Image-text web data
== Segment start ==
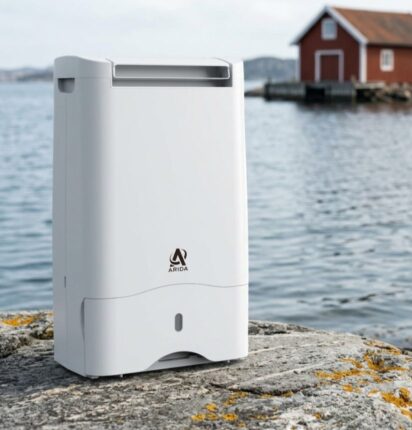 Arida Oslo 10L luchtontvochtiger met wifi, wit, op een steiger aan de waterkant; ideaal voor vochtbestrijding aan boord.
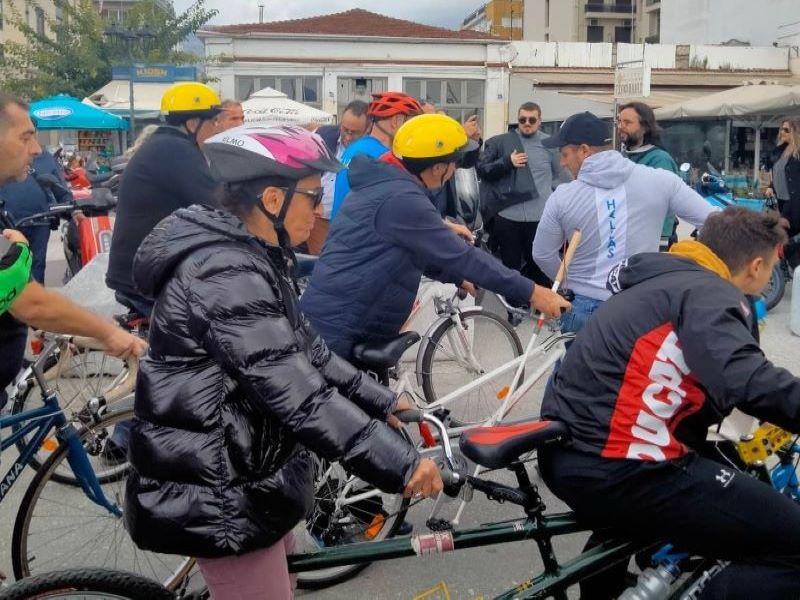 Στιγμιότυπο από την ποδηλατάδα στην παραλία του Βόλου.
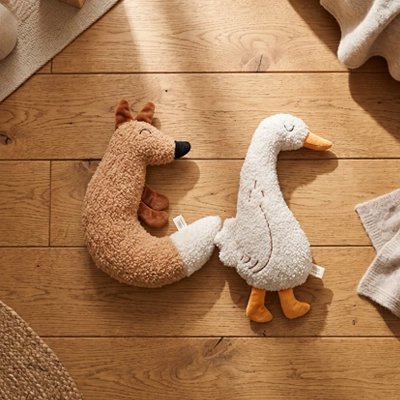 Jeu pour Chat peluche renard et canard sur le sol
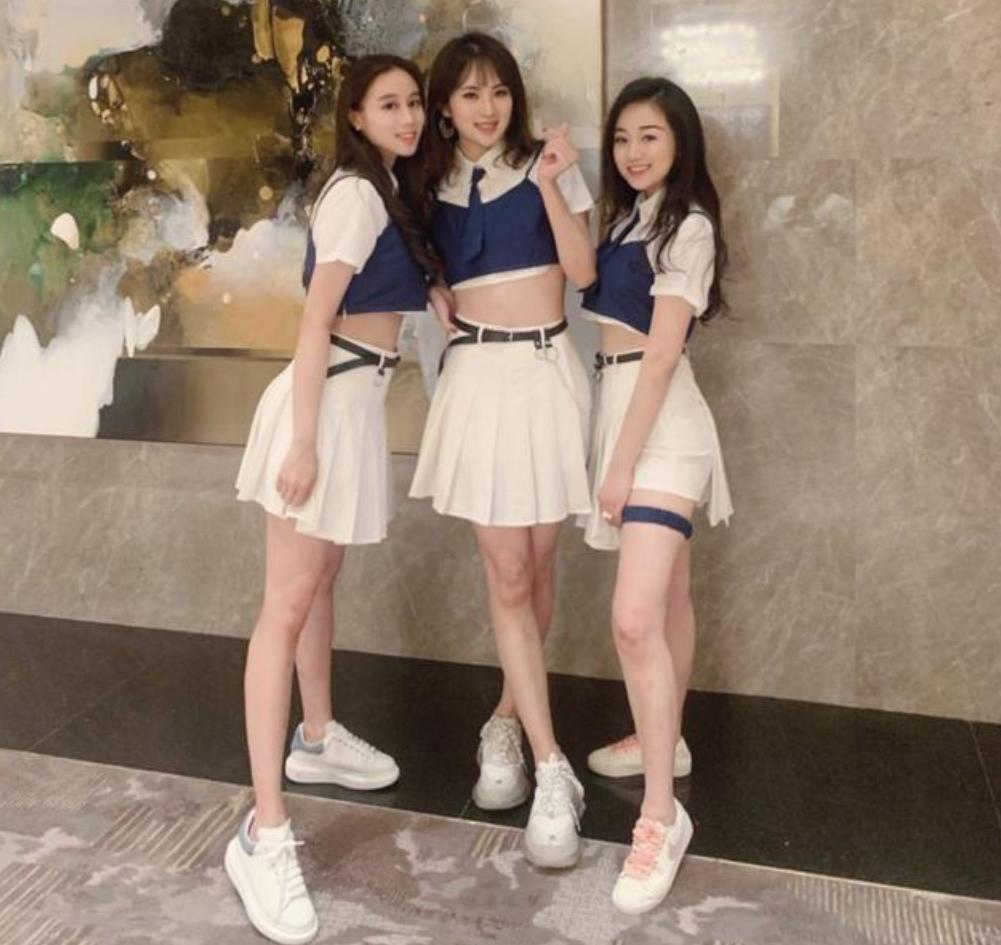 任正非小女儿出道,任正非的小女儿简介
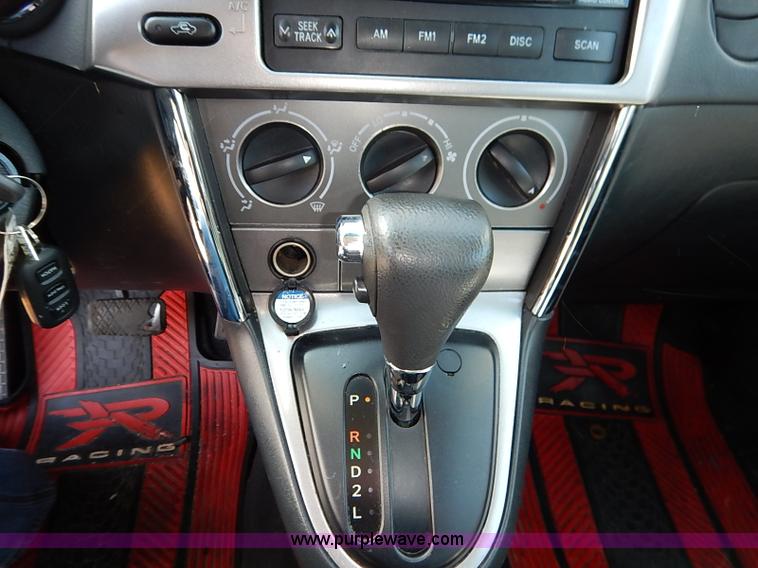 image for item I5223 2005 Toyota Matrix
== Segment end ==
== Segment start ==
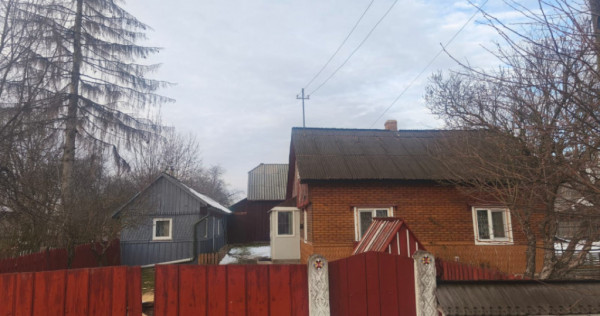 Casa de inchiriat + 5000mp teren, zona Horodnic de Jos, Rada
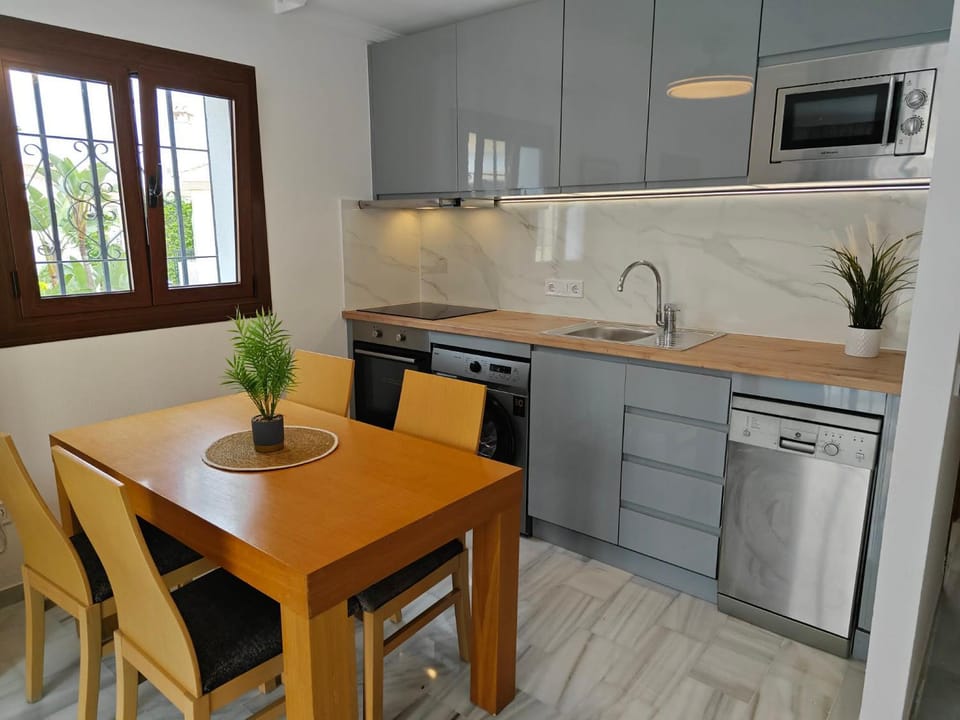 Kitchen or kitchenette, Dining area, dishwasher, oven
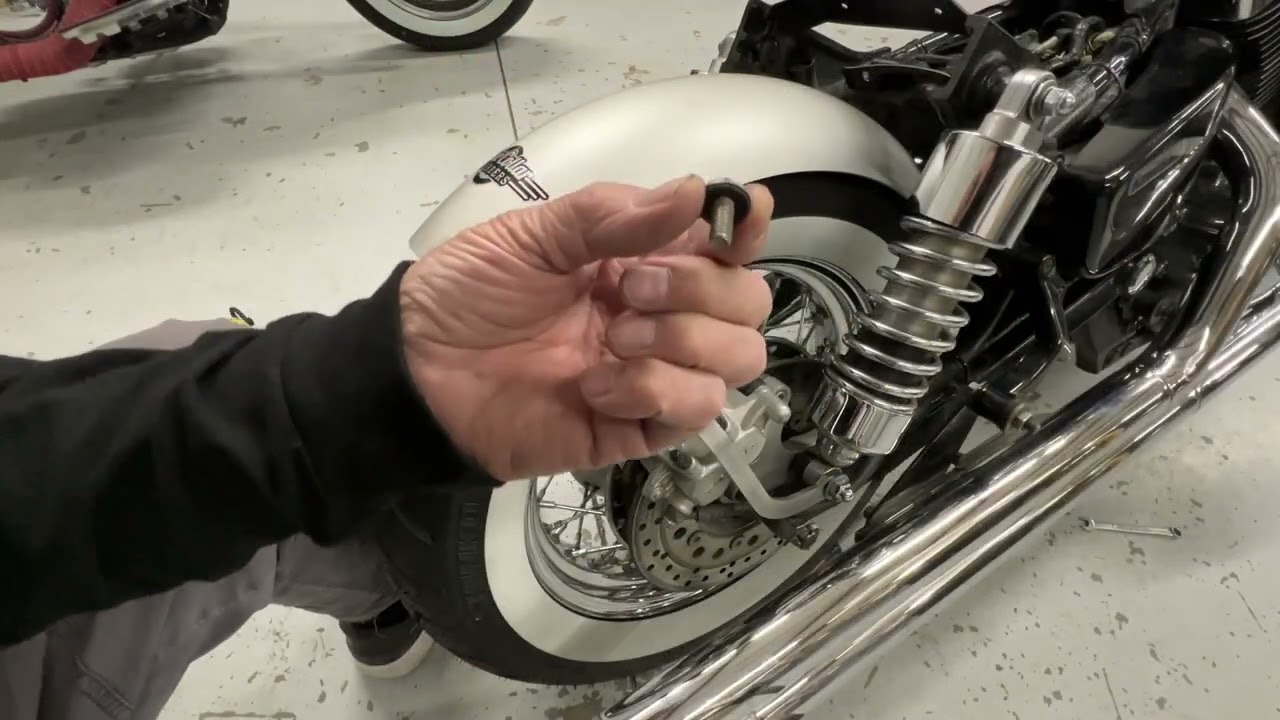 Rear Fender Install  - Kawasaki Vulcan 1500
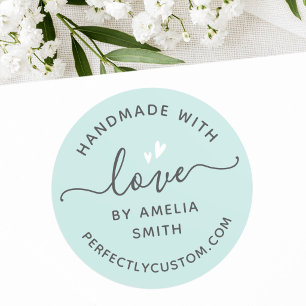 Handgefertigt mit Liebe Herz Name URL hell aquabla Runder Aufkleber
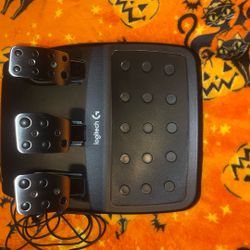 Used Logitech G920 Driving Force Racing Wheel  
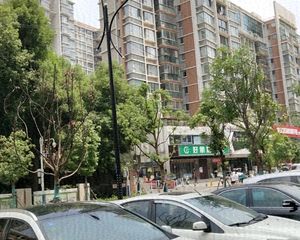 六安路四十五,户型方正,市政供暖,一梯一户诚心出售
== Segment end ==
**ACTIVITY**:
Copy nothing but the lines above from the one with "Jeu pour Chat" to the one with "image for item I5223 2005 Toyota Matrix", inclusive, word for word. Leave every picture out.

**EXERCISE SOLUTION**:
 Jeu pour Chat peluche renard et canard sur le sol
 任正非小女儿出道,任正非的小女儿简介
 image for item I5223 2005 Toyota Matrix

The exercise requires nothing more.